Insoumission aux normes de vie dominantes, contestation des formats musicaux : Alan Vega, les Stooges ou Jacques Thollot ont représenté, chacun avec leur style, une forme de rébellion, même si ce mot nous paraît aujourd’hui galvaudé. A cet égard, rompant avec l’mage léchée de l’entretien, la rencontre déjantée de Blick avec l’astéroïde Vega saisit bien cette idée d’indiscipline sauvage. Montage chaotique, ruptures rythmiques, disjonctions sonores, images striées, lumières et couleurs trafiquées : c’est le portrait d’un artiste sans concession, en colère contre toute espèce d’asservissement aux modèles institués auquel le film rend hommage. Un musicien qui ne le serait jamais devenu « s’il n’avait vu un jour les Stooges en concert ». Disparu cette année, cet « essai » sonique impertinent est aussi l’occasion pour nous de rendre justice au leader de Suicide, autre groupe essentiel de la galaxie minimaliste électro-pop, et dont les hululements nous manquent déjà.

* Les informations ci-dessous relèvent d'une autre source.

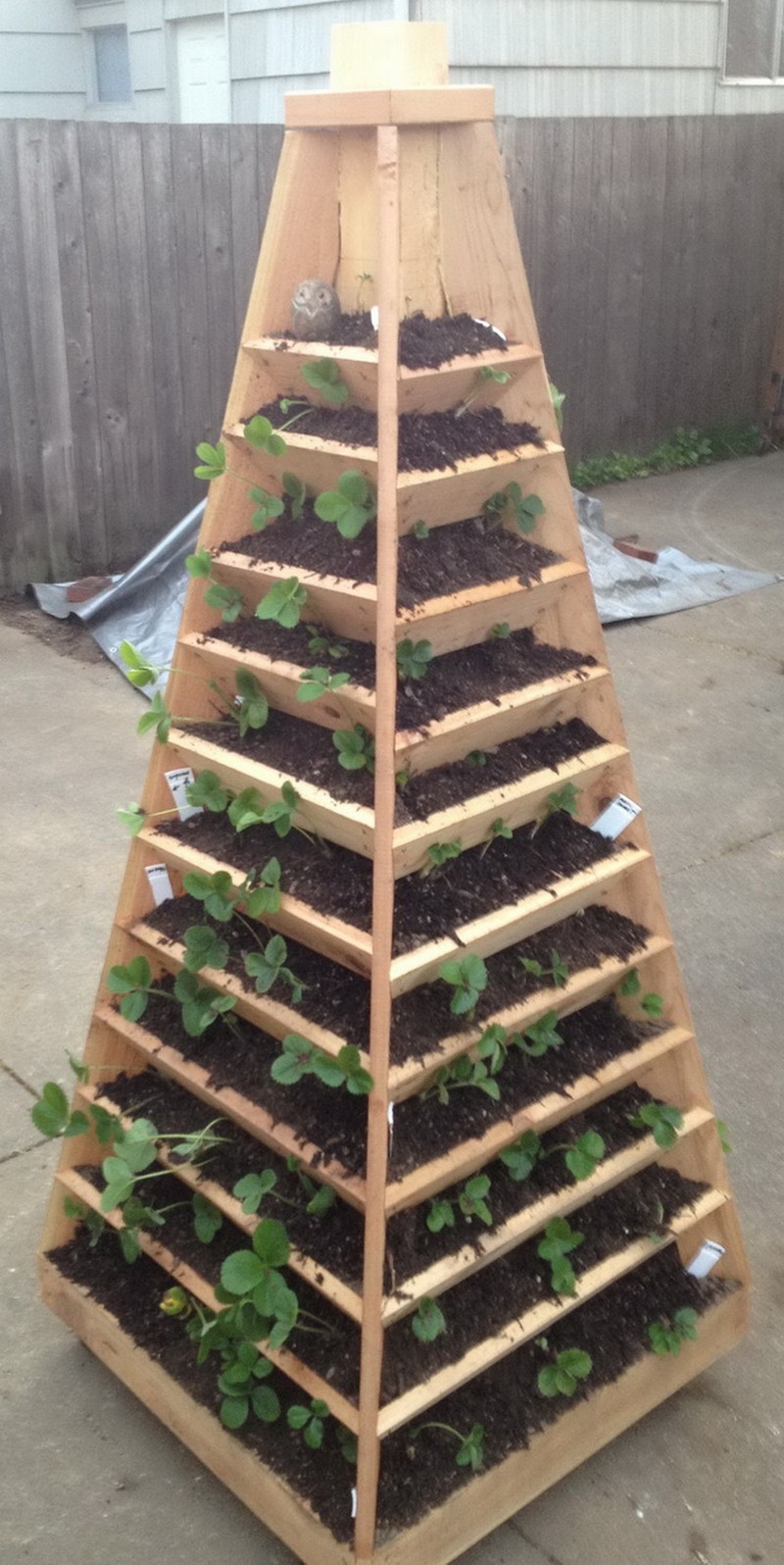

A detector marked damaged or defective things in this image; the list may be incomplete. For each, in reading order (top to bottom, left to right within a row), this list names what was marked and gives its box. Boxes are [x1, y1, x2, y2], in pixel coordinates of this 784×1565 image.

crack in concrete [660, 820, 782, 883]
crack in concrete [0, 1057, 38, 1095]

Search and destroy… Pour reprendre à notre compte un titre des Stooges, s’il est un programme que Jacques Thollot, l’un des plus grands batteurs de l’histoire du jazz dans toutes ses dimensions improvisées, a tenu jusqu’au bout de tous les excès, c’est bien celui-là. Du désordre et des sons, en effet. Un véritable art de la fuite aussi, tant le musicien hors norme, sur le plan artistique s’entend, aux titres de compositions si poétiques (Même si l’état mine, garde le style haut), s’évertue à jouer à cache-cache avec le réalisateur. D’une patience infinie avec son « personnage » qui ne cesse de lui filer entre les doigts, doté d’une admiration tout aussi intense à son égard mais qui n’entrave jamais le film, bien au contraire, Stéphane Sinde se voit dans l’obligation d’inventer un récit cinématographique à la hauteur de cet grand inventeur de formes musicales. De ruminations solitaires en forêt ou en balade au marché du coin, occasion d’une séquence magnifique de raccords et jeux sonores ; de soliloques dépités en coup de téléphone avortés : tout le monde attend Thollot. Jusqu’à la scène finale, bizarrement bancale et poignante à la fois, où son apparition lunaire réactive soudain une phrase lâchée par le réalisateur plus en amont et qui semble contenir à elle seule la recherche de toute une vie : jouer pour les oiseaux.
Cette proposition pas si saugrenue pour un musicien (Olivier Messiaen n’a-t-ilpas collecté et transcrit des chants d’oiseaux ?), pourrait tout à fait être reprise par la percussionniste Robyn Schulkowsky. Le beau film que lui a consacré l’artiste Manon de Boer rappelle, s’il le fallait, les potentialités sonores de tout objet, du monde même. A l’image de ce bol qui, dès l’ouverture, ne cesse de vibrer avant de se stabiliser et de s’éteindre sur le plan sonore. N’apparaissant jamais à l’écran, on ne voit en effet que ses mains frapper ou caresser des instruments et divers ustensiles, le travail de captation des sons traduit la poésie légère de Schulkowsky, à l’instar de ces feuilles qui tremblent dans le vent. Ou ces lents panoramiques sur des murs délavés et des espaces urbains indéterminés. Pour une fois, et c’est assez rare pour le souligner, c’est le son qui est ici sur un même pied d’égalité avec les images. Voire même qui donne le tempo. Un parti pris esthétique de fait radicalqui évoque autant son propre parcours de vie (la guerre au Vietnam) que de musicienne (le départ pour Cologne, épicentre alors de la musique contemporaine dans les années 70), tout en offrant une expérience sensorielle d’une rare profondeur.